Show that if the edges of $K_6$ are coloured using two colours, then it contains two monochromatic triangles.
We first define the random variable $X$. Given any colouring of $K_6$, $$X=\text{number of monochromatic triangles for that colouring}$$
Now, we number the vertices of the graph with numbers from $1$ through $6$. We define $$X_{i,j,k} = \begin{cases} 1, & \text{if i, j, k form a monochromatic triangle} \\ 0, & \text{otherwise}. \end{cases}$$
It is easy to see that $X=\sum X_{i,j,k}$. Now, by linearity of expectation, $$\mathbb E[X]=\sum \mathbb E[X_{i,j,k}]$$
Since there are $\binom63=20$ triangles, the sum on the right side has exactly $20$ terms. By symmetry, we can say that $\mathbb E[X_{i,j,k}]=\mathbb E[X_{a,b,c}]$. Hence, $$\mathbb E[X]=20 \mathbb E[X_{1,2,3}]$$
Now note that the triangle formed using $1,2,3$ can form $2$ monochromatic triangles (one of them blue, the other red), and the remaining $15-3=12$ edges can be coloured in $2^{12}$ ways. Hence there are $2^{13}$ edge-colourings where $1,2,3$ form a monochromatic triangle. The total number of edge-colourings is $2^{15}$, and so $\mathbb E[X_{1,2,3}]=\dfrac{2^{13}}{2^{15}}=\dfrac14$. Thus $$\mathbb E[X]=20 \mathbb E[X_{1,2,3}]=20\cdot \dfrac14=5$$
But this is clearly incorrect. There can't always be $5$ monochromatic triangles. So what am I doing wrong?
Thanks in advance.
I don't think there is a very simple solution using the probabilistic method since the "common" bounds given by the probabilistic method's bound for $R(k,k)$ are not sharp at all, and a direct consequence of what we want to prove is that $R(3,3)\leq 6$. While most direct probabilistic method bounds for $R(3,3)$ are much larger.
Here is what I found:
Suppose we have a $K_6$ colored with black and white, wlog there is a black $K_3$ called $T$, Let $a,b,c$ be the other $3$ vertices (the ones not in $T$).
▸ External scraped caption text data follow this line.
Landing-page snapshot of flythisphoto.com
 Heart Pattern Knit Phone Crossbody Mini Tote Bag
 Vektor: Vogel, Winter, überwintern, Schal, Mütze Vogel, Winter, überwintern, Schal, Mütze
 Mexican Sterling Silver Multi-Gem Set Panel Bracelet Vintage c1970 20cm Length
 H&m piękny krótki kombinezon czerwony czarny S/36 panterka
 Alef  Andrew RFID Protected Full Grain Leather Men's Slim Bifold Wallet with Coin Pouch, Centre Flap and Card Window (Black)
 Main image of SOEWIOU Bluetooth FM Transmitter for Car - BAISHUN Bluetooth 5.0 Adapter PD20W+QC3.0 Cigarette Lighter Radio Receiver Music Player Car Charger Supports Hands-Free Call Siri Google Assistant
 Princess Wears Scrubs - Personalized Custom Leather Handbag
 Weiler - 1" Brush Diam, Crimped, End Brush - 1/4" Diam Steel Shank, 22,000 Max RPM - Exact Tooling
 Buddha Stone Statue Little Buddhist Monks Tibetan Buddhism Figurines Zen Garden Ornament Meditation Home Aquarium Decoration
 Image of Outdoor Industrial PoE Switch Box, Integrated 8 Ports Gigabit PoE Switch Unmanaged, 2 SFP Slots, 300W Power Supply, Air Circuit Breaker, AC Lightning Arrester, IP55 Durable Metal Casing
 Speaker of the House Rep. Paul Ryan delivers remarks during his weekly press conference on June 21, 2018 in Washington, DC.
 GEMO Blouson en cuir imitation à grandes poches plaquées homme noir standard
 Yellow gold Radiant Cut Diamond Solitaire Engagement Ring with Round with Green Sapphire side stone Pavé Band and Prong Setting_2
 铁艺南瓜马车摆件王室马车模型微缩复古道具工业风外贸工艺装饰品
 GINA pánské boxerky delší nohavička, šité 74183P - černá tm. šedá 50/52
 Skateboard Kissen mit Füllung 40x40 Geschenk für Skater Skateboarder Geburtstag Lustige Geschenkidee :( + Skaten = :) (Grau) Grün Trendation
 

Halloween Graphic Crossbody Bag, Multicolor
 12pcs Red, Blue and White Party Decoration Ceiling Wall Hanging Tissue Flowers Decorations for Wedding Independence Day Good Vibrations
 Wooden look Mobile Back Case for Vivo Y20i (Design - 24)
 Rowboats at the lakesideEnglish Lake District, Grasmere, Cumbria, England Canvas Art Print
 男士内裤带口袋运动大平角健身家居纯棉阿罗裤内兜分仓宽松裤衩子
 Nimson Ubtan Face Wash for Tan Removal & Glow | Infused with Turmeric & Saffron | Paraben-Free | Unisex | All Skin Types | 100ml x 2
Then each of them has at least two white edges toward $T$. This means if you pick two vertices $u,v$ from the set $\{a,b,c\}$ there is a vertex $x$ in the $T$ with white edges towards $u$ and $v$. Therefore none of the $3$ edges between $a,b,c$ can be white (because if edge $uv$ is white then $u,v,x$ forms a white triangle). Therefore the $3$ edges must be black, but this also gives us an extra triangle.
Note the bound is sharp when you color a $K_{3,3}$ in black and the rest in white (you get two white $K_3$'s and no black $K_3$).